EXERCISE MATERIALS Block Start

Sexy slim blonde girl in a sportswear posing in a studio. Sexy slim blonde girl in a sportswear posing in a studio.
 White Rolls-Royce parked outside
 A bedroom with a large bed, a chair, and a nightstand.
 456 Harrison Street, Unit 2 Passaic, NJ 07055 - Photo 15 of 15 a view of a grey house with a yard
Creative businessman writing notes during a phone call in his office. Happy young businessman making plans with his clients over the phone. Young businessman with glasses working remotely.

EXERCISE MATERIALS Block End

*TASK GOAL*: Retype exactly the line with "White Rolls-Royce parked outside" and each line after it until the records end, and include no other line.

*RESPONSE TO THIS TASK*:
 White Rolls-Royce parked outside
 A bedroom with a large bed, a chair, and a nightstand.
 456 Harrison Street, Unit 2 Passaic, NJ 07055 - Photo 15 of 15 a view of a grey house with a yard
Creative businessman writing notes during a phone call in his office. Happy young businessman making plans with his clients over the phone. Young businessman with glasses working remotely.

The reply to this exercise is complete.